Optimizing Triton kernels

Optimizing Triton kernels#

Applies to Linux

2024-06-27

18 min read time

This section introduces the general steps for Triton kernel optimization. Broadly, Triton kernel optimization is similar to HIP and CUDA kernel optimization.

Memory access efficiency#

The accelerator or GPU contains global memory, local data share (LDS), and registers. Global memory has high access latency, but is large. LDS access has much lower latency, but is smaller. Register access is the fastest yet smallest among the three.

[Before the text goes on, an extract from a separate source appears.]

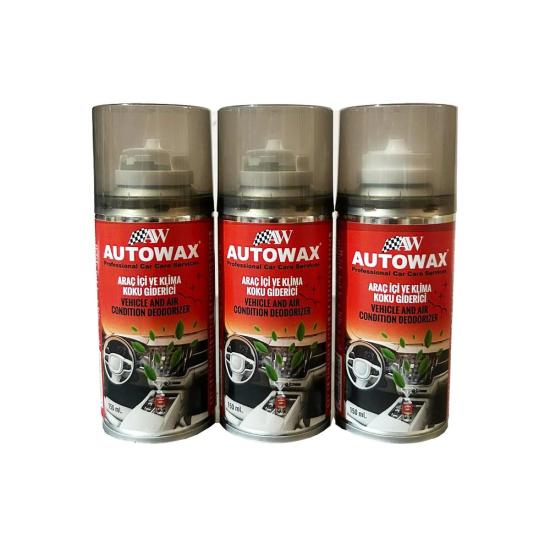 Araba Klima Temizleyici Hava Tazeleyici Koku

So, the data in global memory should be loaded and stored as few times as possible. If different threads in a block need to access the same data, these data should be first transferred from global memory to LDS, then accessed by different threads in a workgroup.

Hardware resource utilization#

Each accelerator or GPU has multiple Compute Units (CUs) and various CUs do computation in parallel. So, how many CUs can a compute kernel can allocate its task to? For the AMD MI300X accelerator, the grid should have at least 1024 thread blocks or workgroups.

../../_images/compute-unit.png — Fig. 9 Schematic representation of a CU in the CDNA2 or CDNA3 architecture.#

To increase hardware utilization and maximize parallelism, it is necessary to design algorithms that can exploit more parallelism. One approach to achieving this is by using larger split-K techniques for General Matrix Multiply (GEMM) operations, which can further distribute the computation across more CUs, thereby enhancing performance.

Tip

You can query hardware resources with the command rocminfo (in the /opt/rocm/bin directory). For instance, query the number of CUs, number of SIMD, and wavefront size using the following commands.

rocminfo | grep "Compute Unit"

rocminfo | grep "SIMD"

rocminfo | grep "Wavefront Size"

On an MI300X device, there are 304 CUs, 4 SIMD per CU, and the wavefront size (warp size) is 64. See Hardware specifications for a full list of AMD accelerators and GPUs.

IR analysis#

In Triton, there are several layouts including blocked, shared, sliced, and MFMA.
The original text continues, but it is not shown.